French President Nicolas Sarkozy will fly to Damascus for meetings Wednesday with Syrian President Bashar Assad in an effort to restore diplomatic ties that were cut three years ago. The meeting also signals France's push for a greater role in the Middle East. For VOA, Aya Batrawy has more from our Middle East bureau in Cairo.

French President Nicolas Sarkozy (file)
President Nicolas Sarkozy (file)
Just three years after France broke ties with Syria, French President Nicolas Sarkozy is making his first official visit to Damascus to meet with his counterpart Bashar al-Assad.

The meeting between the two leaders comes just one week after the Syrian president appointed a new ambassador to France, filling a post that had been vacant for 18 months.

Mr. Sarkozy's visit to Damascus also comes on the heels of the Mediterranean Union meeting, which was attended by the Syrian president in Paris recently. It is new a project aimed at strengthening cooperation between Europe and the Middle East.

But relations between France and Syria have been strained ever since the 2005 assassination of former Lebanese prime minister Rafik Hariri. Syria has denied any involvement in the incident. France's president at the time, Jacques Chirac, was not only a supporter of a U.N. resolution to pressure Syria to withdraw its troops from Lebanon, he was also a close friend of the late Lebanese premier.

Mr. Sarkozy, though, has taken steps to move closer to Syria and is now playing a pivotal role in mediating peace between Syria and Lebanon.

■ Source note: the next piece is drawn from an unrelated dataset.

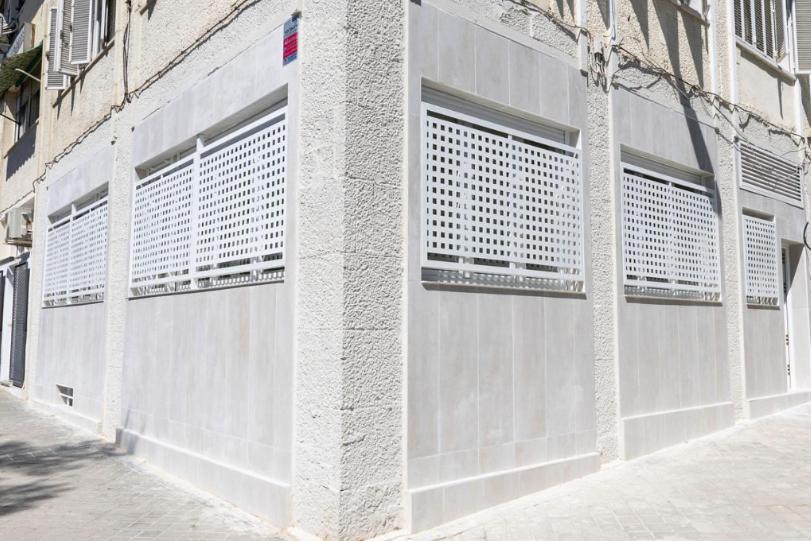 Contemporary 6bd For 12 Ventas Apartment Madrid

According to Middle East expert Mohamed Sayed El Said, Mr. Sarkozy is using France's historical ties with Syria and its neighbor Lebanon to mediate between the two countries and build French influence in the region

"Sarkozy is trying to take maximum advantages of the gaps and inconsistencies and failures of the American diplomacy in the region," he said. "While it's very hard for France to re-establish influence in the Arab-Israeli peace negotiations, it's relatively possible, much easier to restore influence through readapting the shaping of the Syrian-Lebanese relations and that is really a very instrumental approach for restoring French influence in the region."

For its part Syria is welcoming French diplomatic reconciliation as a means of empowering its own position in the international community. There is also hope on the Syrian front that building ties with Paris may also lead to Washington's involvement in brokering a peace deal between Syria and Israel.

Analysts in the region believe that America's tougher stance towards Syria has helped push Damascus closer to reliance on Iran, Russia and even France. The United States has labeled Syria a state sponsor of terrorism for its support of the Shiite political bloc Hezbollah in Lebanon as well as its safeguarding of Palestinian Hamas leaders in Damascus, where they are headquartered.